Thank you for suggesting the use of layer normalization, as highlighted by Lyle et al. for addressing plasticity loss, in our experiments. We implement layer normalization in our control experiments for both PPO with Adam and PPO with PACE (Figure 3 in Supplementary PDF). Our results show that while layer normalization improves the performance of baseline Adam, it does not outperform PACE. Moreover, we find your hypothesis to be true: PACE with layer normalization performs better than PACE without layer normalization (see Figure 3b in Supplementary PDF).

Comments

• Thank you for your close reading of our method and the appendix. We unfortunately did not have the opportunity to examine the relationship between the parameter norm and our scaling approach, but we are excited to explore this analysis in future work!

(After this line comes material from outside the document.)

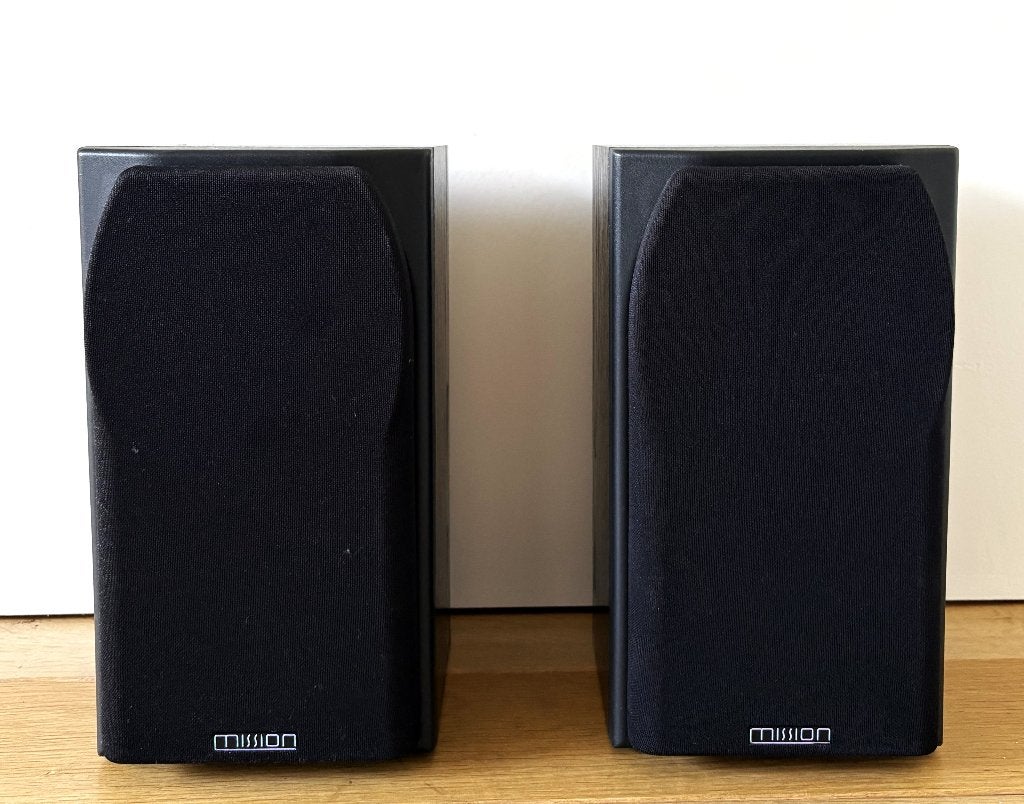 Mission 2 way-reflex speakers maximaal 75 Watt, Overige merken, Ophalen of Verzenden, Zo goed als nieuw, 60 tot 120 watt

• Regarding your question about updating $\theta_{t}^{Base}$ by evaluating the gradients at $\theta_{t}$, intuitively, there is more stability around the reference point. Therefore, updating the gradients from a base update near this safe region helps prevent issues with gradients that might otherwise explode or vanish if updated at $\theta_t$.

• We agree with your observation that the success of parameter-free optimization may not indicate a “hidden” convexity, but rather that these methods may have broader applicability. This is an important point, and future research should indeed investigate why these methods are effective in such settings.

• Regarding Figure 2, we appreciate your feedback and will update the caption to better explain our visual abstraction of the setting.

• You correctly pointed out that in Figure 6, while PACE combats plasticity loss, it may still be affected by it, as the reward does not reach the same level as during the first distribution shift. Although good, we believe PACE's scaling isn’t always optimal, especially in a non-convex setting. There may be a more "optimal" set of scaling values such that the performance is as good as the first task, and this is something that may evolve as parameter-free methods continue to improve.

Please let us know if you have any other concerns or comments, and we'll be glad to address them!